Animados com a vitória e confiantes na sua superioridade, seguiram as forças de Rui Mosquera, por terra e por mar (no navio francês capturado), caindo sobre São Vicente, matando, queimando, saqueando e destruindo, desde a Vila até o Porto de São Vicente (situado na atual Ponta da Praia), onde pilharam trapiches e navios ali fundeados. (Rocha Pombo em “História do Brasil”, vol III). Durante esse ataque morrera Henrique Montes, para alguns o traidor do Bacharel.
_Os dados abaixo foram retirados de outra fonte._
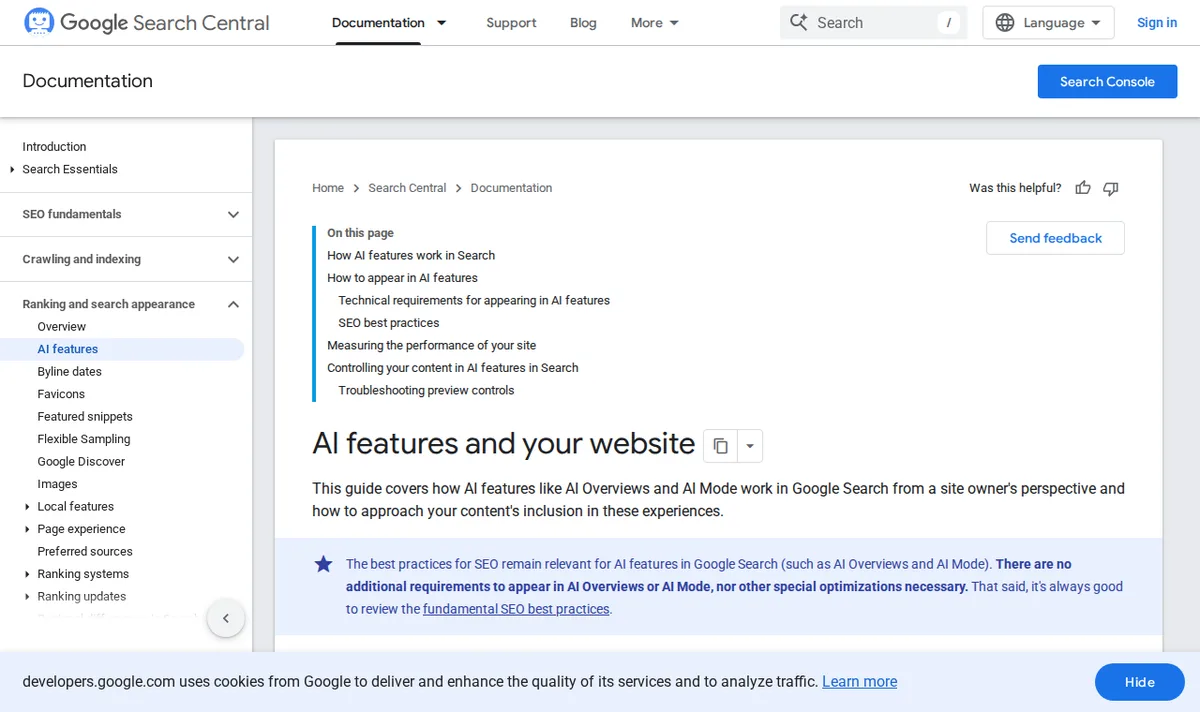 Перевірте індексацію в Google Search Console: сторінка developers.google.com/search/docs/appearance/ai-features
Segundo o historiador Pedro Calmon, em “História do Brasil”, vol. I, pág.177, depois disso não há mais sinal do homem misterioso de Cananéia. Rui Mosquera seguiu para Santa Catarina. Dois anos depois da pilhagem em São Vicente de 1534, a rainha da Espanha lhe escrevia, encarecendo o seu auxílio à missão de Gregório de Pesquera, que foi inspirada pelos receios causados pelos aprestos, em Viana, da frota de Pero do Campo Tourinho. A carta da rainha ao Bacharel, em 1536 considerava incontestável o litoral vicentino, dentro da jurisdição espanhola, e estimava-se a sua colaboração. Expressava-se assim:
“Real cédula al bachiller de la Cananea para que preste su ayuda a Gregório de Pesquera, Valladolid, 9 de setiembre de 1536. La reina...bachiller... que residia en la Cananea que es en la tierra que hay en la del Rio de La Plata, sabe que yo hé mandado tomar cierto asiento e capitulación con Gregório de Pesquera Rosa sobre el hacer e crear e grangear ciertaespeceria en esa tierra e le he proveydo de la governación della en cual se va a servir el dicho oficio y entender en la dicha grangeria como del sabreis e por lo que yo he sido informado que vos a que estais en esa tierra muchos dias e teneis en ella vuestra mujer y hijos yo vos ruego y encargo que persona que estareis informando la calidad de ella deyes al dicho Gregório de Pesquera todos los avisos que vierdes que convienen para el bien de la dicha grangeria e le ayudeis en todo aquello que buonamente podeys, comoa persona que va en nuestro servicio y en lo demás que os vierdes que nos podays servir em esa tierra lo hagays teniendo por cierto que mandaré tener memória de vuestros servicios para os hacer a vos y a vuestros hijos la merced que oviere lugar de Valladolid a nueve dias del mes de setiembre de quinientos y trenta e seis años / y ola Reina / Refarendada samano señalada de Beltran y Velásquez.” (Humanidades” , tomo XXV, 1ª. Parte, Buenos Aires – 1936.)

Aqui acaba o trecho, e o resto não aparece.